John F. Kennedy (May 29, 1917-November 22, 1963)

    November 22, 1963 headlines screamed that John Fitzgerald Kennedy, thirty-fifth president of the United States had been assassinated at 12:30 p.m. Central Standard Time in Dealey Plaza, Dallas, Texas. He was fatally shot while riding in a motorcade accompanied by his wife Jacqueline, Texas Governor John Connally and his wife, Nellie.
    I stood, riveted to the spot in the second floor of Central Bank, Monroe, Louisiana where a coworker brought this news. Today, November 22, 2011 forty-eight years later, as I sit at my computer in the San Francisco East Bay, I’m saddened by the lack of headlines of the anniversary of this tragic event that rocked the twentieth century.
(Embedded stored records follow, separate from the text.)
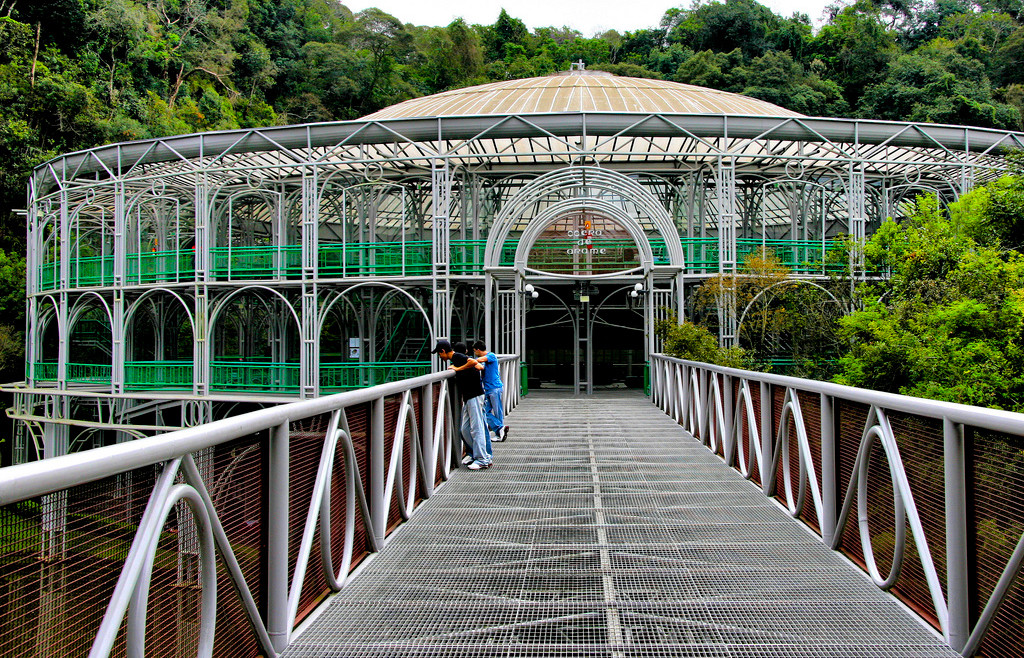 Опера-де-Араме (Opera de Arame) – фотографии Бразилии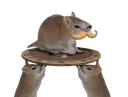:Sourischatorix: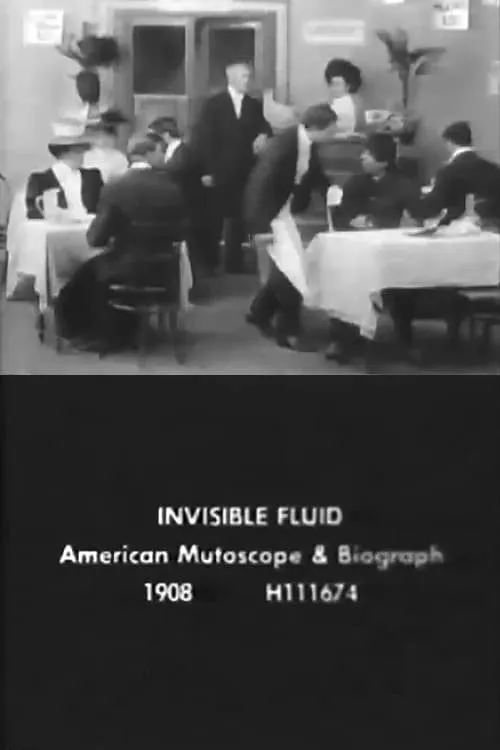 The Invisible Fluid (movie)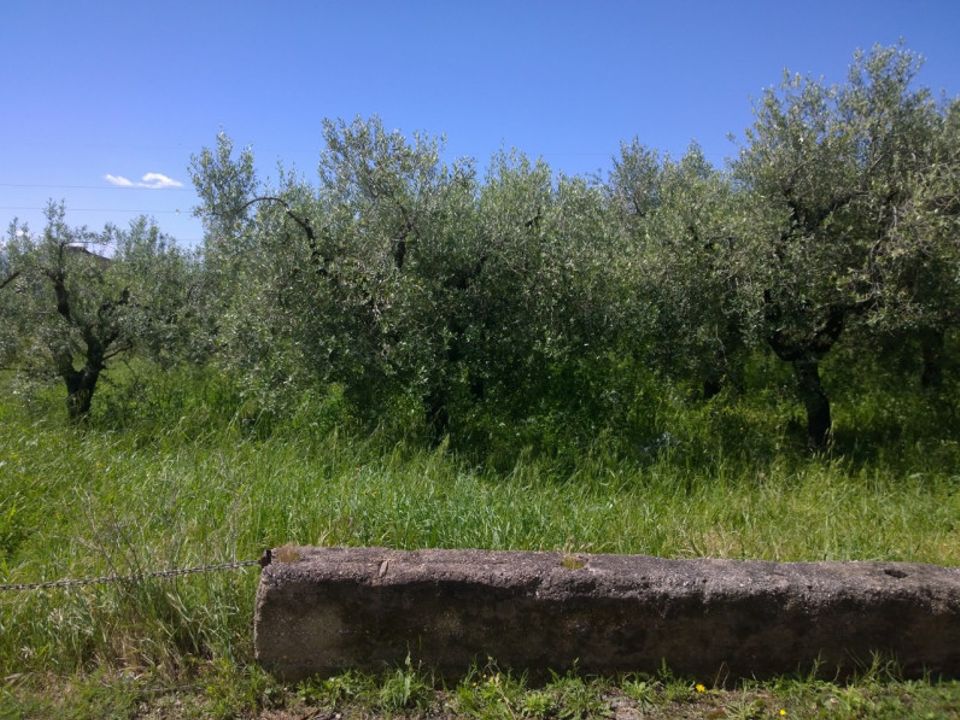 Terra a Eboli, Salerno - foto 2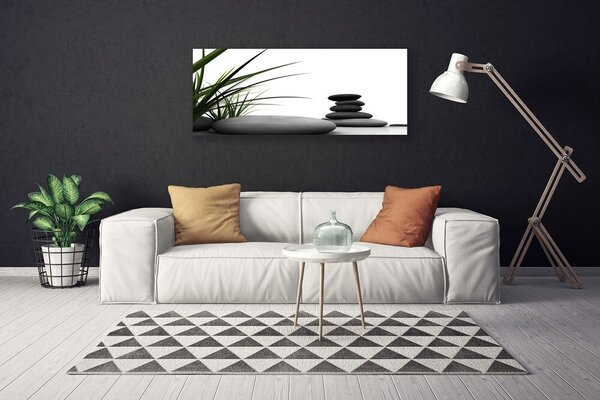 Obraz Canvas Kamene zen tráva 125x50 cm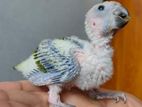 Sunconure Baby Parrot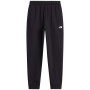 Herren-Jogginghose The North Face M Evolution Simple Dome Regular Jogger schwarz TNF BLACK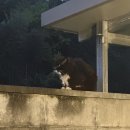 블럭하우스 | 담양 여행 숙소｜복층 독채 펜션 블럭하우스 솔직후기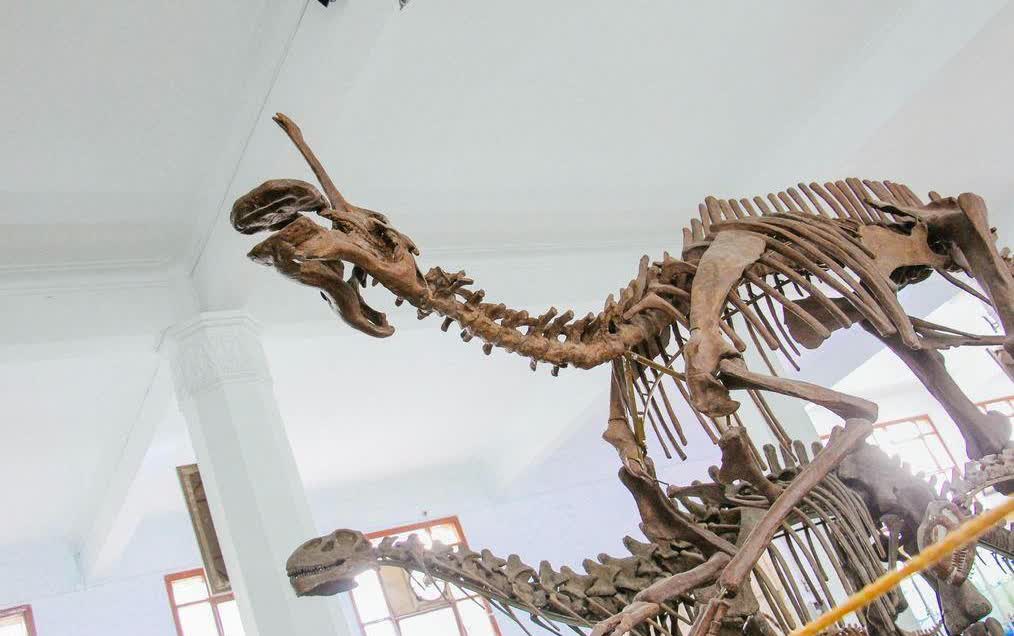 雷龙化石:世界巨兽77吨,我国巅峰33吨!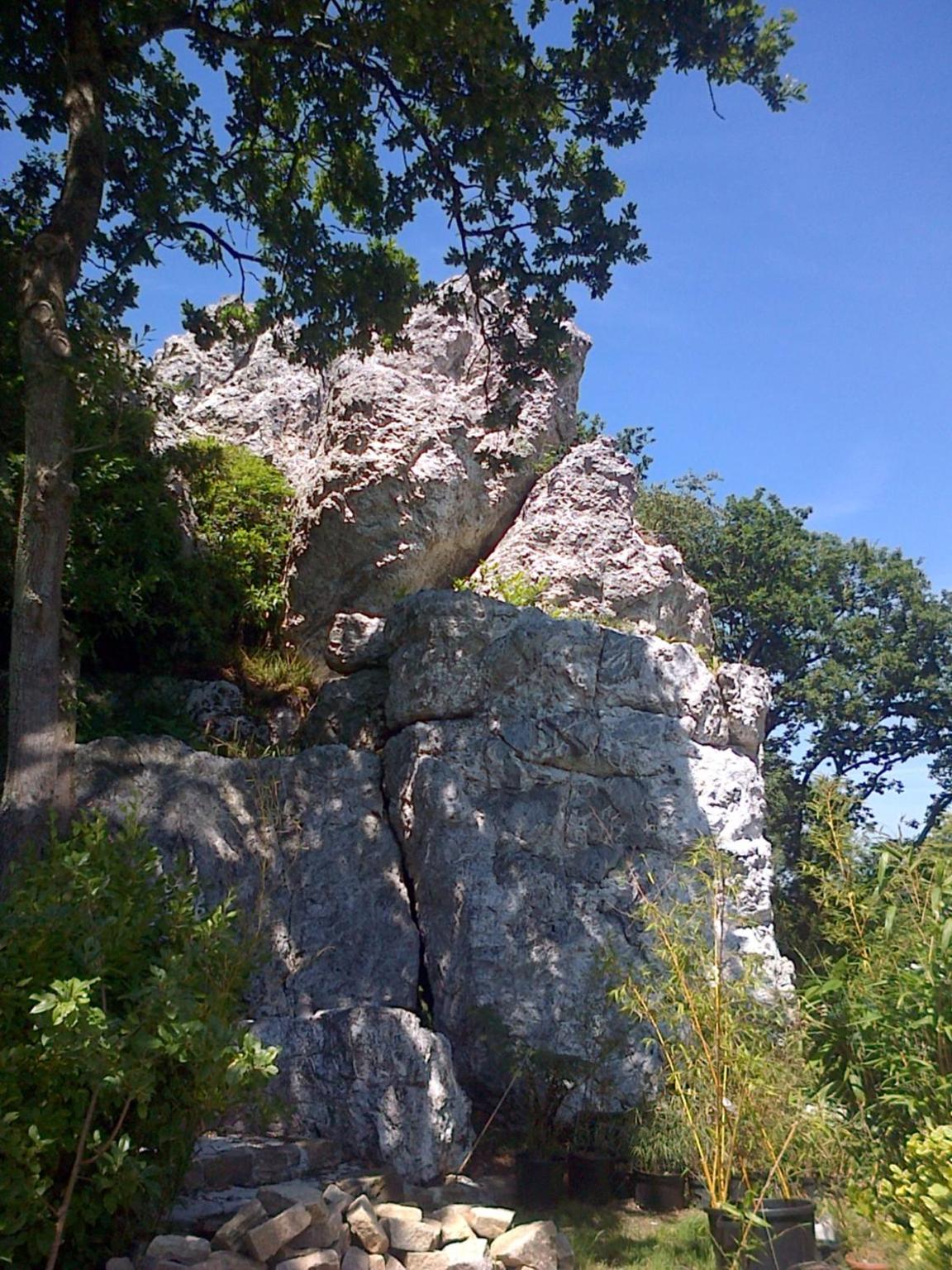 Photo 22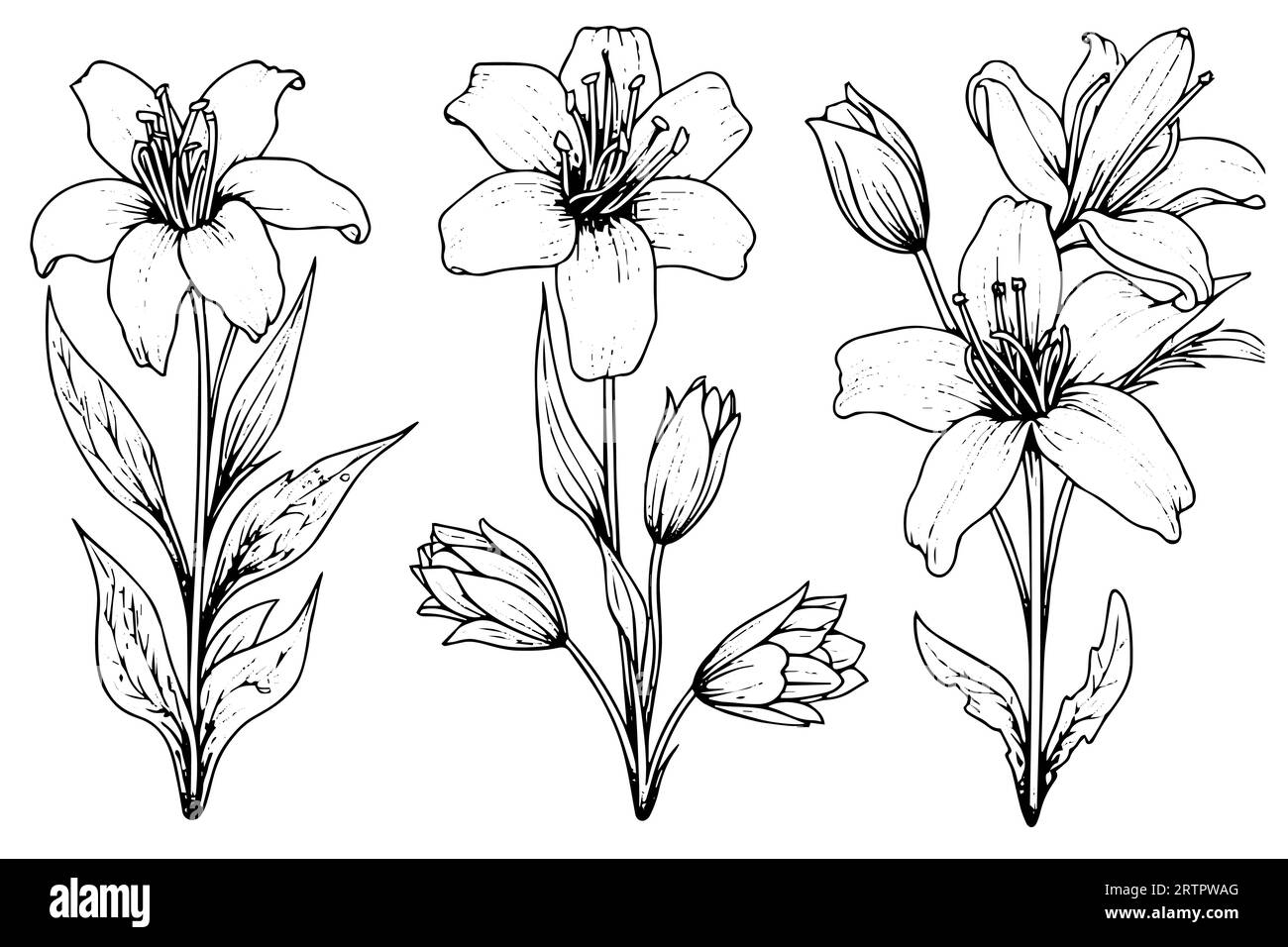 Schizzo con inchiostro disegnato a mano in zafferano o croco. Illustrazione vettoriale in stile vintage. Illustrazione Vettoriale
I’m even more astonished that United Press International (UPI) added an extra year to Kennedy’s life with 1917-1964.
    As Occupy protesters sit-in garner today’s news headlines, forgotten are these final words from John F. Kennedy’s inaugural speech, January 21, 1961:

“And so, my fellow Americans: ask not what your country can do for you – ask what you can do for your country. My fellow citizens of the world: ask not what America will do for you, but what together we can do for the freedom of man. Finally, whether you are citizens of America or citizens of the world, ask of us the same high standards of strength and sacrifice which we ask of you. With a good conscience our only sure reward, with history the final judge of our deeds, let us go forth to lead the land we love, asking His blessing and His help, but knowing that here on earth God’s work must truly be our own.”

    Perhaps November 22, 2013, the fiftieth anniversary, will honor this orator for his appropriate words.